Iran’s rial sinks to all-time low of 47,000 to the dollar

Iran’s rial sinks to all-time low of 47,000 to the dollar
Currency traders in Tehran stopped selling or buying the dollar as the rial sank to a new low.
By bne IntelliNews February 6, 2018

The US dollar pushed above the 47,000 to the Iranian rial (IRR) threshold by the end of trade on February 5, gaining more than 1.1% and sending the IRR to an all-time low on the unofficial market, the Tehran Gold and Jewellery Union said.

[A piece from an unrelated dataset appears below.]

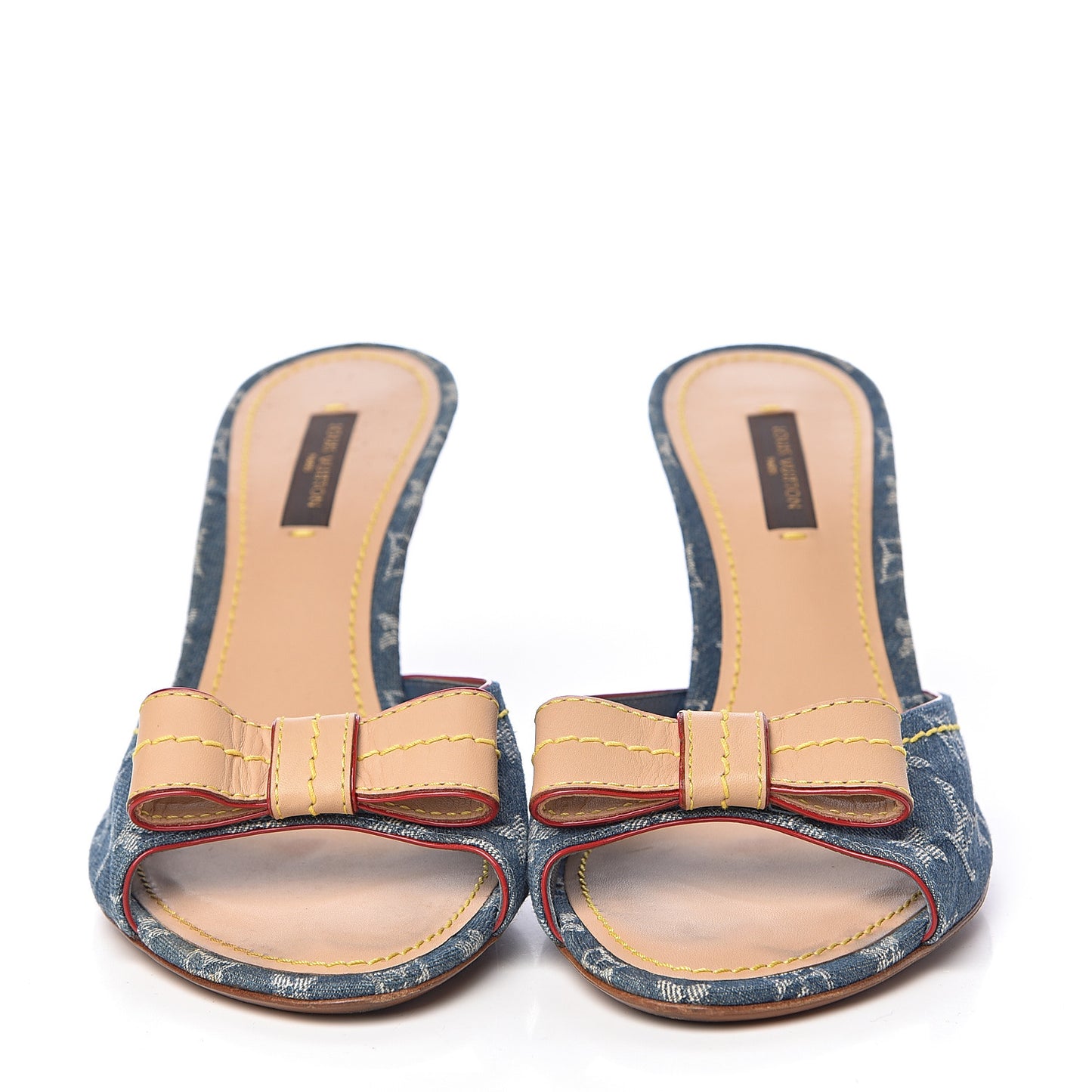 Denim Monogram Bow Mules Peep Toe Heels 38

According to independent trading company Olympic Exchange, by the end of the trading day currency brokers were no longer selling or buying the dollar, in a repeat of previous weeks, as they attempted to cut their losses on the depreciating rial. Meanwhile, the Central Bank of Iran (CBI), showing the scope of the rout, listed the US dollar at IRR36,949 on the official exchange mechanism, a rate unchanged since February 1.

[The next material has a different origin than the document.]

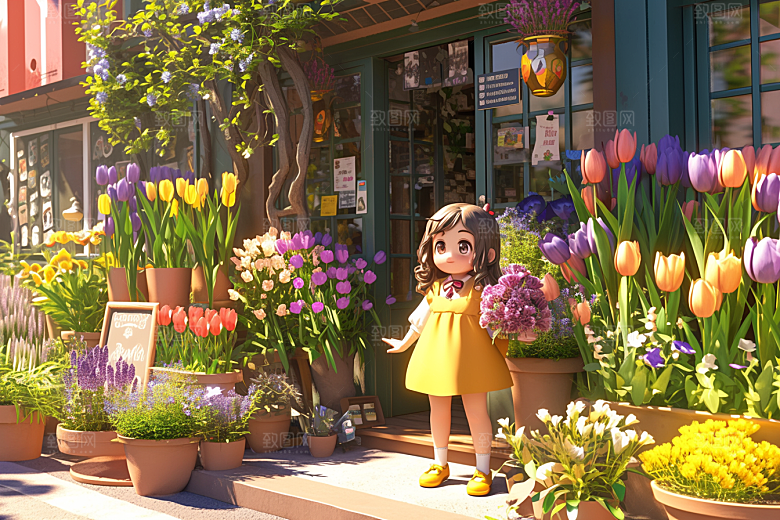 手捧鲜花的少女花朵3D素材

Iran’s torrid relations with the Trump administration, the threat that the deteriorating relationship with the US poses to the nuclear deal which protects Tehran from crippling economic sanctions and the social unrest sparked at the turn of the year by economic hardship may all be weighing on the rial.

The euro gained more than 1% on February 5 to be traded at IRR60,000, while the pound sterling was purchased by black market sellers at above IRR67,000, up less than a full percentage point.

Tehran gold traders, who often track the rate of the dollar, have also seen significant gains in their business. One Iranian Bahar Azadi sovereign gold coin sold for IRR14,850,000, moving it up 2.3% over the past seven days.

Iran currently holds more than $132bn in foreign cash reserves and $600mn in gold, local media reported on January 23. With ample reserves of foreign currency in the CBI’s vault, the implication is that people should have nothing to worry about regarding the rial’s stability. Indeed, data in the Central Intelligence Agency’s (CIA) December 2017 factbook edition can be said to back up that point. Iran has higher currency reserves than more than 156 other countries around the world including Norway, Australia and Turkey.